By George Foulsham

When scientists at the newly constructed Large Hadron Collider (LHC) in Geneva sent beams of protons in opposite directions through the collider’s 17-mile circular chamber for the first time on September 10, it marked a milestone for the UCSB particle physics program.

Situated some 300 feet below the Earth’s surface and spanning the distance from Switzerland to France and back again, the LHC at the European Organization for Nuclear Research (CERN) is the world’s largest particle accelerator. A contingent of more than 40 faculty members, graduate students, postdoctoral researchers, engineers, technicians, and undergraduates from UCSB have worked for eight years to help construct the experimental apparatus. They are part of an international effort that is now embarking on a 15-year quest to try to answer fundamental questions about the universe.

Led by four members of its experimental high-energy physics faculty, UCSB’s team has played a key role in constructing one of four major experiments now in place — the Compact Muon Solenoid (CMS), a complex array of instruments for detecting subatomic particles. The device weighs more than 12,000 tons and is as tall as a four-story building. Professor Joseph Incandela has been in Switzerland for the past year, shepherding the CMS experiment as deputy physics coordinator. Shuttling back and forth between Santa Barbara and Switzerland have been professors Claudio Campagnari, Jeffrey Richman, and David Stuart.

UCSB’s initial role in the CMS experiment was to build part of the particle tracking system, which measures the paths of particles produced in the proton-proton collisions. By combining the information from all parts of the CMS detector, scientists can reconstruct an electronic image of what happens in each collision.

According to Incandela, UCSB delivered 2.5 million channels of particle detectors, which were meticulously constructed in cleanrooms in the university’s physics department. The detectors were of “extremely high quality,” Incandela said, noting a failure rate of only 0.02 percent. “Our group then helped assemble and test the detectors at CERN.”

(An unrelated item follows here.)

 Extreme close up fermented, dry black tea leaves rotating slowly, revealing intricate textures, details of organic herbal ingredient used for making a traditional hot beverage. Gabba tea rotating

CMS is a huge project involving thousands of scientists from all over the world. While many U.S. universities have contributed time and staff to CMS and other LHC experiments, UCSB has played a leading role in the construction of the detector’s tracking system. One-third of this enormous system was assembled and tested at UCSB.

With so many possibilities for discovery, the anticipation for the startup of this program has been enormous. “It’s great that the machine has turned on,” Campagnari said. “I don’t think we’re going to turn it on in September and make discoveries in October. But discoveries could start coming soon and could happen over many years.”

“This is a historic undertaking, and it is great to be part of it,” Incandela said. “We are working with some of the top particle physicists of our era to prepare for what we might see. The range of possibilities is broad, but the most incredible aspect of this program is that whatever we see will be very important to our understanding of the basic forces of nature.”